The advantage of generating useful language is one reason I only use a PAGE scale as a last resort. Terms like poor, average, and so on are too generic, and too easily made relative. An excellent freshman paper and an excellent senior paper should not be the same thing, right? Bad choices in these terms early on can have long-term consequences when you want to do a longitudinal analysis of ratings. 

There is a tendency among some to view rubric rating as a more monological process, but I can't see how this can be supported for most learning outcomes. In my opinion, they are most useful in creating a common language to employ in teaching, to rein in the vast lexicon that might naturally be used and focus on the elements that we agree are the most important. This has positive benefits for everyone concerned.


Thursday, December 01, 2011

Chef's Salad

Here's another serving of link salad. The articles referenced connect to recent topics of discussion.


HERI just released a report on college graduation rates. They give details on regressions to predict completion, and provide the rates of correct classification rates for same. Here's an example:

Note that SAT scores don't add any information once high school GPA is accounted for. The correct classification rate can be compared to the rate of graduates. For example, if a test correctly predicts a coin flip 50% of the time, on the face of it this isn't very impressive. But it's actually more complicated than that. I have a kind of complexity theory approach to this sketched out on scrap paper, and will write about that later. In this case, the rate of four-year graduation from page 7 of the paper is 38.9%, so a correct classification rate of 68.3 could be compared to the strategy of predicting that no student will graduate, which is correct 61% of the time. Even by this crude comparison, the predictor looks useful.
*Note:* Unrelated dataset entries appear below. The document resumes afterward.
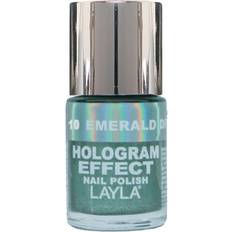 Layla Cosmetics Hologram Effect #10 Emerald Divine 10ml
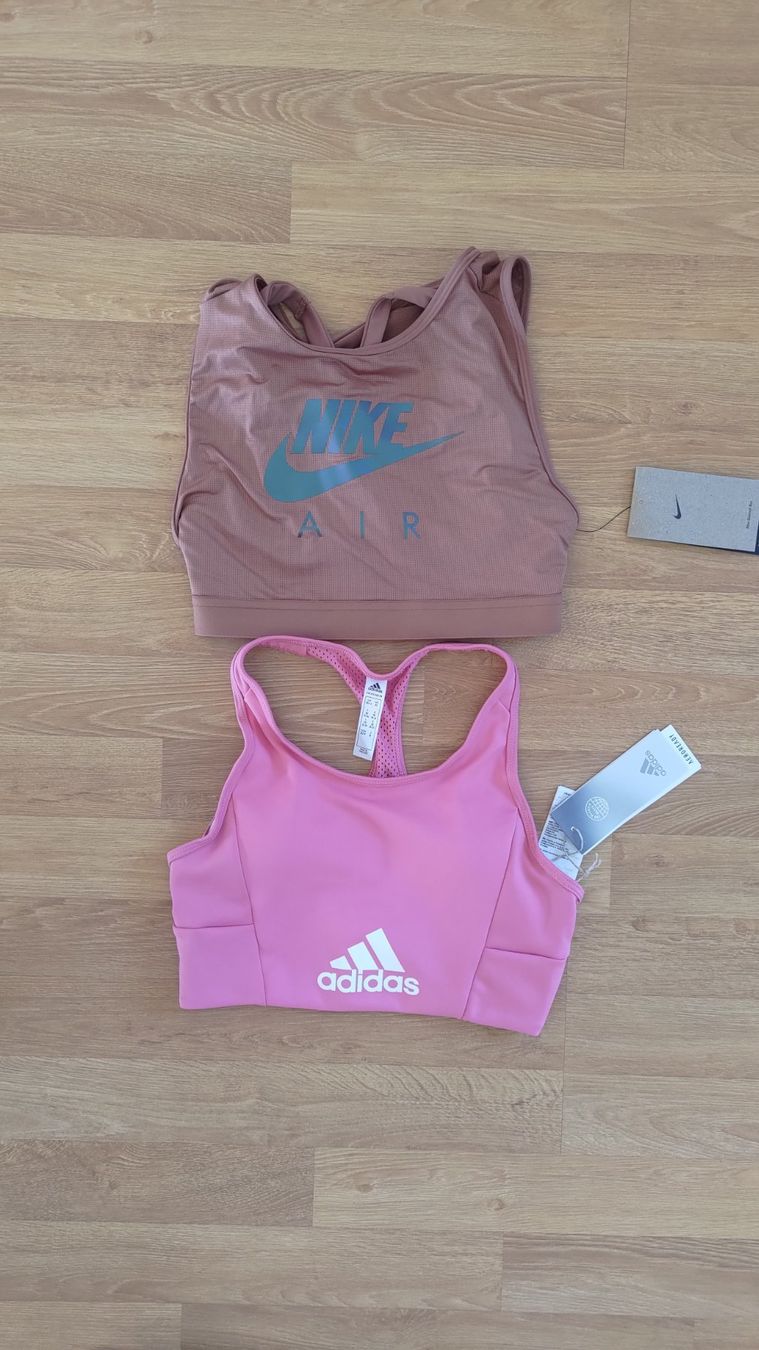 Nike Altra biancheria intima: Sport BH Nike Adidas – Nuovo e nell'imballaggio originale da aarburg venduto da insignifiant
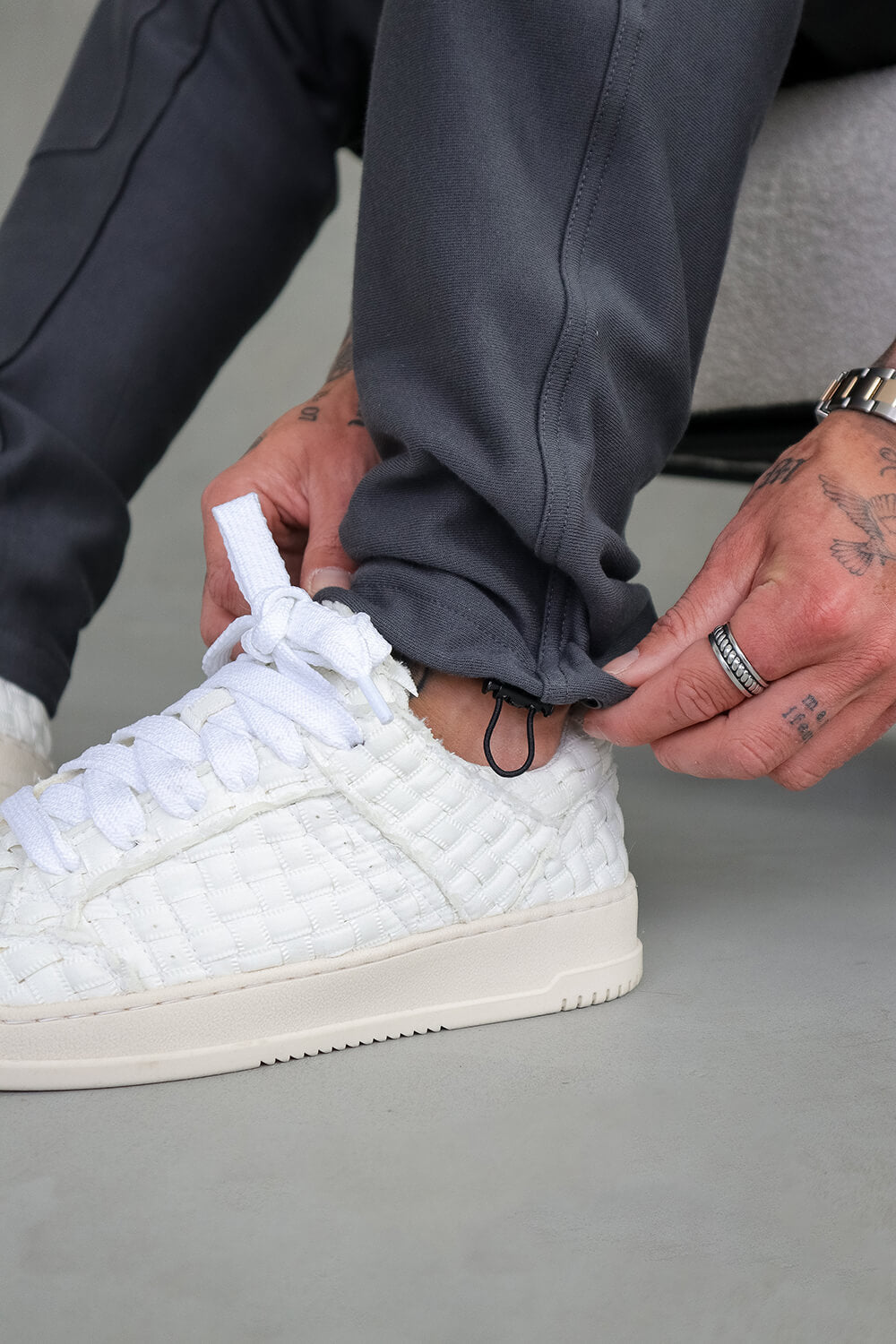 Carpenter Joggers - Charcoal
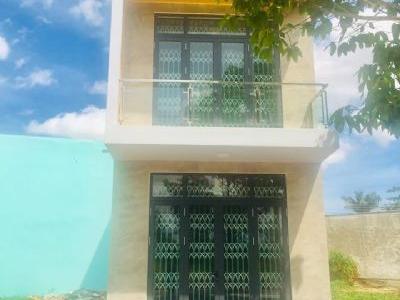 Bán Nhà Lầu mặt tiền khu đô thị 5A sóc trăng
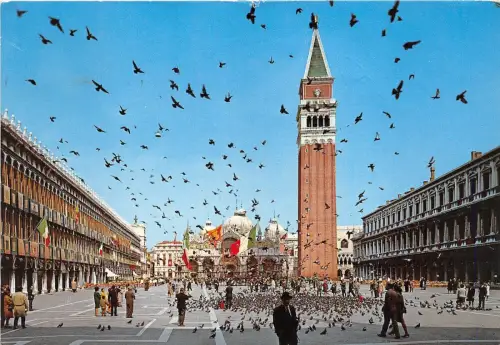 BG11435 venezia la piazza s marco italy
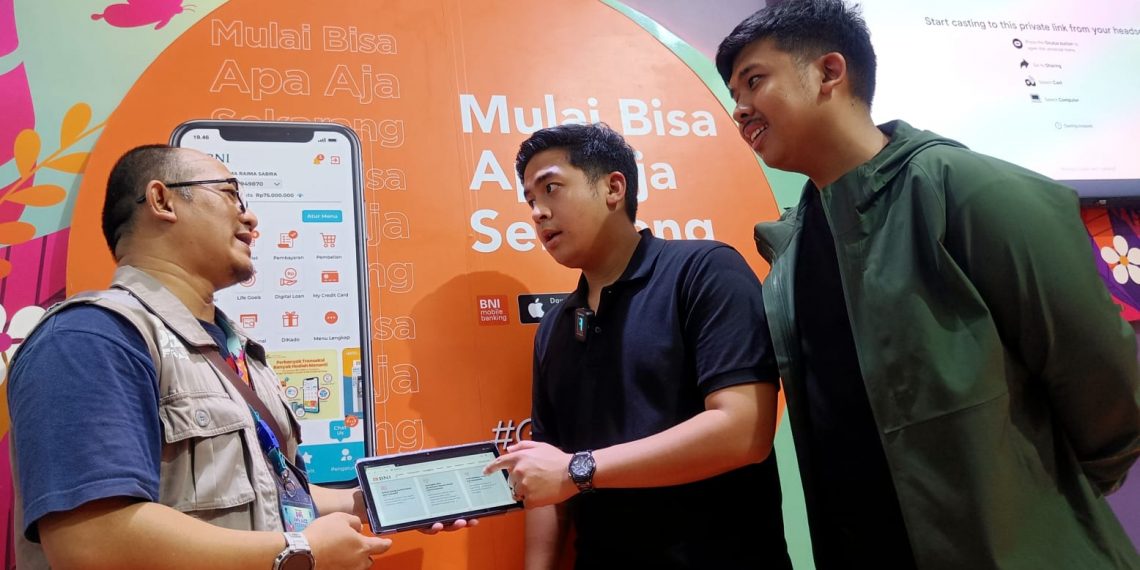 Denhan BNI Bisnis Digital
HERI provides an associated calculator that lets you try out different scenarios related to graduation. Very cool.

The Virginia Assessment Group just published their new edition of Research & Practice in Assessment. I hope to be able to read it on the plane tomorrow, on the way to the annual SACS-COC meeting in Orlando. Last time I was there I got to see a shuttle launch, which was amazing. Not likely this time.

Coursekit is new learning management system that wants to be more like social media. This relates to the topic of connecting professional portfolios to a social network. I learned about Coursekit in this Wired Campus article in The Chronicle. Even more intriguing to me is Commons in a Box, a separate open source project to create professional networks. Quoting from the article in The Chronicle:
Educational groups, scholarly associations, and other nonprofit organizations will be able to leverage the Commons in a Box to give their members a space in which to present themselves as scholars to the public, to share their work, to locate and communicate with peers, and to engage in collaborative scholarship.
The original source is the CUNY Academic Commons.